• [REQUIRED ACTION]
Set down the records that follow exactly and completely.

(Data records)
^^^^^^^^^^^^^^^^

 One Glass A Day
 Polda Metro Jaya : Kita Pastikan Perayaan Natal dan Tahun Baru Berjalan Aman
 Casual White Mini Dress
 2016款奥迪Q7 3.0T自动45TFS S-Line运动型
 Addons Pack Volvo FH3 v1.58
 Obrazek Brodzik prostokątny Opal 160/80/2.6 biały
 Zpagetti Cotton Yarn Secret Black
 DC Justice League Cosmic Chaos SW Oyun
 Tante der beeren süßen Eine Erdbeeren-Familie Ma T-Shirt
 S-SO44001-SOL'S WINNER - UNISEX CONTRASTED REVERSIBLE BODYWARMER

^^^^^^^^^^^^^^^^

• [ANSWER FOR THE TASK]
 One Glass A Day
 Polda Metro Jaya : Kita Pastikan Perayaan Natal dan Tahun Baru Berjalan Aman
 Casual White Mini Dress
 2016款奥迪Q7 3.0T自动45TFS S-Line运动型
 Addons Pack Volvo FH3 v1.58
 Obrazek Brodzik prostokątny Opal 160/80/2.6 biały
 Zpagetti Cotton Yarn Secret Black
 DC Justice League Cosmic Chaos SW Oyun
 Tante der beeren süßen Eine Erdbeeren-Familie Ma T-Shirt
 S-SO44001-SOL'S WINNER - UNISEX CONTRASTED REVERSIBLE BODYWARMER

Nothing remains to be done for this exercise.